In general if the trainer has a high resistive force then you will slow quickly and if in the case of a mechanical dumb trainer if the flywheel is *small* then it will simulate a hill effect when you push and dont push on a hill. In the case of a smart trainer if the electromechanical braking is applied in proportion to the real life effect then again it will simulate climbing to some extent. Whether it is entirely realistic is doubtful, as the outdoor conditions are too variable, BUT you will get a reasonable uphill training experience.



The same power (eg 250w) on the flat is the same power and energy (as 250w) uphill but there are a lot of differences which means *it feels different*

~75% of the resistive forces on the flat are aero-drag which rise exponentially meaning effectively you ‘hit a wall’ in terms of going faster but once you slow, you will tend to keep going on the flat…..this is essentially why w/cda is important in flat timetrials

~90% of the resistive forces climbing at 6% @250w are gravity related which rise linearly (not exponentially) meaning it is really easy to go a little faster but forces are always trying to slow down even at slow speed…..added to which you are already likely going pretty slowly! This is why w/kg is important in uphill events

All of this means your pedal dynamics become different when climbing resulting in a slightly different muscle usage, and a different type of fatigue.

Whilst some prefer climbing and some prefer time trialling it depends what you trained for; so you need to training with climb or flat specificity.

In a sentence: train to be a good climber as well as good on the flat (and visa versa).

3 thoughts on “10 reasons riding climbs feels different (to riding on flat) *at the same watts*

  1. AdrianB

    Interesting article which I need to read several times to make complete sense. I can ride my local hill (1 mile with average gradient 9%) at 345W in 6.5 minutes however there is no way I can hold that power on the flat for anything like that time. With the right training I assume I could improve this?

    This is one issue I have with Xert in that it calculates my Threshold Power based on climbing whereby making a lot of indoor workouts impossibly hard.

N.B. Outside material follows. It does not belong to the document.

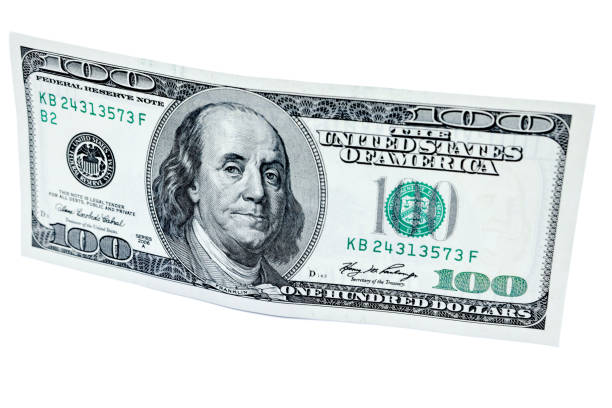 istock hundred dollars isolated on white close up look 1210739456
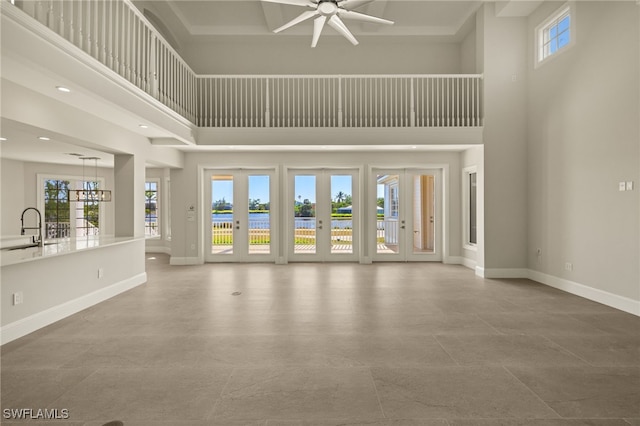 unfurnished living room with a high ceiling, ceiling fan, a healthy amount of sunlight, and sink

    • [email protected] Post author

      Hi Adrian, yes with training you will improve on the flat as well as climbing. So why is it harder to apply the power on the flat? Other than road obstructions, its likely to do with pedal dynamics. On the flat you usually push and relax (around 180deg) whereas climbing you usually push and pull. It’s a subtle difference but affects the muscle group recruitment.

  2. Marcos


    I experience exactly the same as Adrianb!
    No way I can hold the same wattage on flats that I’m able on climbs.
    I believe it os also related to cadence and HR. On flats I can only achieve the same climb wattage with a much higher cadence which makes my HR skyrise.